Recep Tayyip Erdogan, o Presidente turco, decidiu entretanto estipular um prazo para o fim da crise: disse ao ministro dos Negócios Estrangeiros do Bahrain que a disputa entre o Qatar e os seus vizinhos pérsicos deveria ficar resolvida até ao final do Ramadão (o mês sagrado do islão, que termina na tarde de 24 de Junho). Ancara admite enviar forças militares para o pequeno emirado no centro da disputa, mas o ministro dos Negócios Estrangeiros turco garante que o país continuará a fazer o possível para resolver o bloqueio diplomático de forma pacífica.

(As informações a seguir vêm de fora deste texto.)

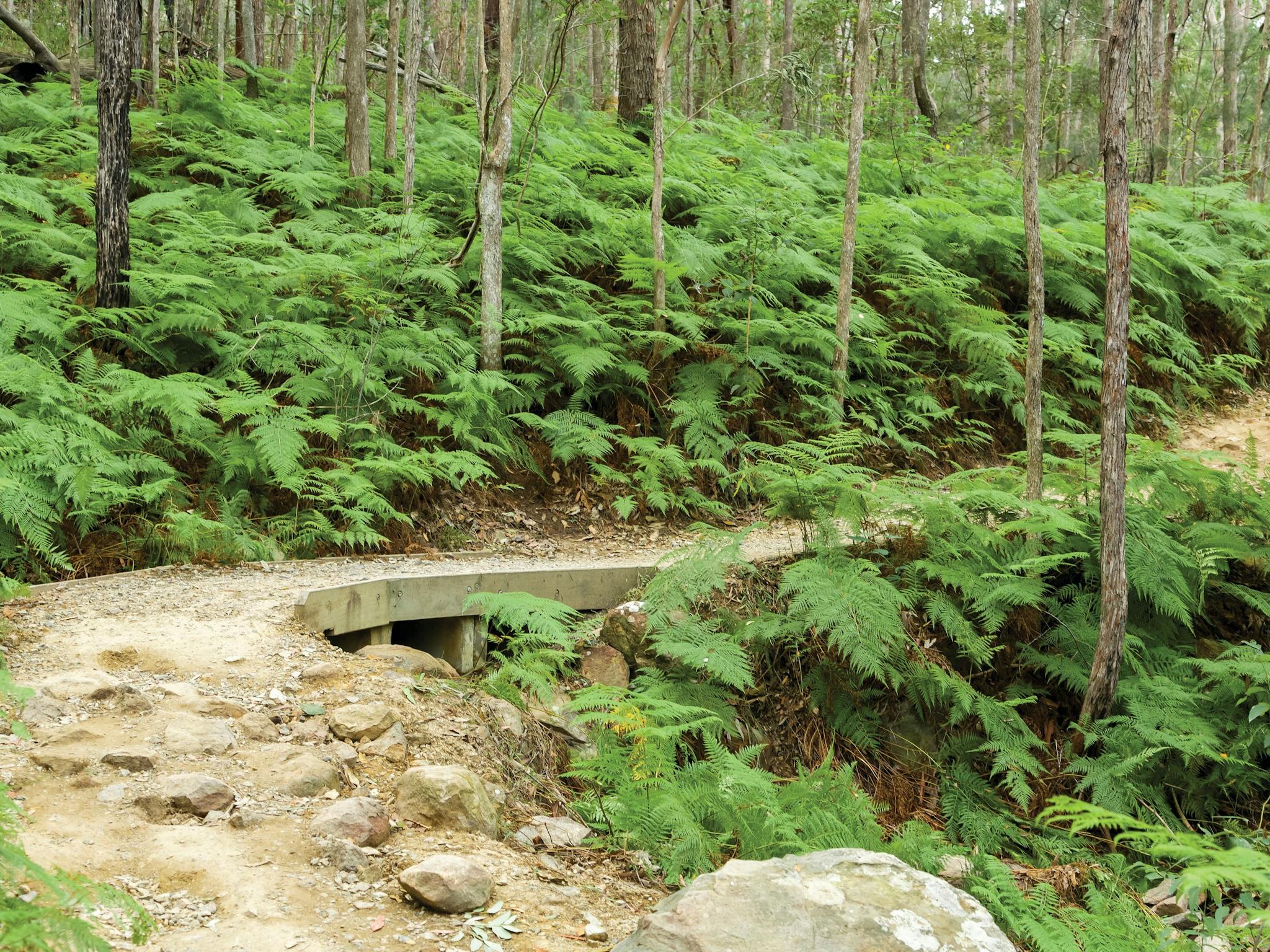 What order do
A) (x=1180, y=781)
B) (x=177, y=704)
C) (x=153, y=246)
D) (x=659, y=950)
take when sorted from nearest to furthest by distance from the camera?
(x=659, y=950) < (x=177, y=704) < (x=1180, y=781) < (x=153, y=246)

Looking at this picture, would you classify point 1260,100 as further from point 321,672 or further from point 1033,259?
point 321,672

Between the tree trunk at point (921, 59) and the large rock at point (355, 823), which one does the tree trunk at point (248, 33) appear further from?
the large rock at point (355, 823)

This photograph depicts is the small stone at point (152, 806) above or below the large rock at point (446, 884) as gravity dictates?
above

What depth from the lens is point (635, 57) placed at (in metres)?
12.9

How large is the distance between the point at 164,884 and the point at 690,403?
272 inches

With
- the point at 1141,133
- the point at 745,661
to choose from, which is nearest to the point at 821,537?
the point at 745,661

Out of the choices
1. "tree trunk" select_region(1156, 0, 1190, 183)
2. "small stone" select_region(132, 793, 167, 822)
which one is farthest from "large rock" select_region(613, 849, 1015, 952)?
"tree trunk" select_region(1156, 0, 1190, 183)

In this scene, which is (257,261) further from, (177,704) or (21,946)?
(21,946)

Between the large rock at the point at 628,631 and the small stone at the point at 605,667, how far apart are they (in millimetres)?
50

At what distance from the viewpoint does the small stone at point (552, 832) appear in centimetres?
421

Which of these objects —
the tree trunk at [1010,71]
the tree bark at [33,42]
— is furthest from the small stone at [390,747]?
the tree trunk at [1010,71]

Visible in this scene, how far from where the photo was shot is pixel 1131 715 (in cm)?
638

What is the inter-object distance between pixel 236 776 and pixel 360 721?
0.70 meters

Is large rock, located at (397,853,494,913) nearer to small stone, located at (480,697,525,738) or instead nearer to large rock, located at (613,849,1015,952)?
large rock, located at (613,849,1015,952) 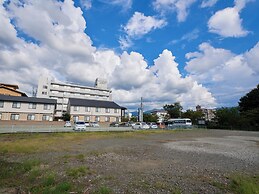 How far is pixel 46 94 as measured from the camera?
62938 millimetres

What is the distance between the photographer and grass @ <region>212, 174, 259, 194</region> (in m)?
4.60

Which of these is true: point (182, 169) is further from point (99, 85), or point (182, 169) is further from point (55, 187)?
point (99, 85)

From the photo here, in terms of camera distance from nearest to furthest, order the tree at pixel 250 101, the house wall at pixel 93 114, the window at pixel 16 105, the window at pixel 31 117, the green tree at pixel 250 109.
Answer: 1. the green tree at pixel 250 109
2. the window at pixel 16 105
3. the window at pixel 31 117
4. the tree at pixel 250 101
5. the house wall at pixel 93 114

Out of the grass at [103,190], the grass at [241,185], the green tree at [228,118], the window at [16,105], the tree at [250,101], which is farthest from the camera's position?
the tree at [250,101]

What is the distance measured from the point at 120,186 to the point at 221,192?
8.67 ft

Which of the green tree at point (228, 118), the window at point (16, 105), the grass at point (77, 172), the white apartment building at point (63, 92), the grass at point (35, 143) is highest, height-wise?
the white apartment building at point (63, 92)

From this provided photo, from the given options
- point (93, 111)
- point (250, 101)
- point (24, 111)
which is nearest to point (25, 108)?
point (24, 111)

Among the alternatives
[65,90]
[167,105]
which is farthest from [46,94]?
[167,105]

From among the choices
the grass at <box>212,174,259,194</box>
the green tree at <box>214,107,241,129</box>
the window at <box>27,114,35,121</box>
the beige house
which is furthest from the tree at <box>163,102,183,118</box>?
the grass at <box>212,174,259,194</box>

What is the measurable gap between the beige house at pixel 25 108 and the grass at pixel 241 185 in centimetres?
4302

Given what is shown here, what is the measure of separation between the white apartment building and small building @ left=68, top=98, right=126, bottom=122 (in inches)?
453

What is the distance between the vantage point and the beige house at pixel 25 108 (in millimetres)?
38438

Também o ministro português dos Negócios Estrangeiros, Augusto Santos Silva, considerou que o corte de relações entre os países era "perturbador" e que é necessária uma "boa concertação política e diplomática entre todos".

Por agora, são apelos que não geram respostas no Golfo, onde prossegue a pressão ao Qatar. Na sexta-feira, o embaixador dos Emirados Árabes Unidos nos EUA considerou que o Qatar deveria “reavaliar as suas políticas regionais”, numa referência a uma suposta aproximação entre Doha e o Irão, condenada por sauditas e aliados. Na Arábia Saudita, uma fonte oficial disse à agência noticiosa estatal que “a luta contra o terrorismo e extremismo já não é uma escolha mas um compromisso que requer que seja cortado todo o financiamento”, não deixando antever qualquer tipo desanuviamento.

Ainda esta semana, Arábia Saudita, Emirados, Egipto e Bahrain criaram uma “lista negra” que designa dezenas de pessoas e organizações, incluindo projectos de solidariedade associados ao Qatar, como entidades terroristas. 

A crise está a afectar a circulação aérea, marítima e terrestre na região e ainda a situação das comunidades migrantes dos países em disputa. Para além da expulsão recíproca de pessoal diplomático e do afastamento das tropas do Qatar da coligação liderada pelos sauditas no Iémen, os últimos dias são também marcados pela notícia de uma vaga de ataques informáticos contra a al-Jazira, rede de televisão do emirado presente com forte presença internacional. Para já, os canais da rede continuam no ar, ainda que as emissões tenham sido bloqueada em vários países, em mais uma medida de pressão sobre Doha.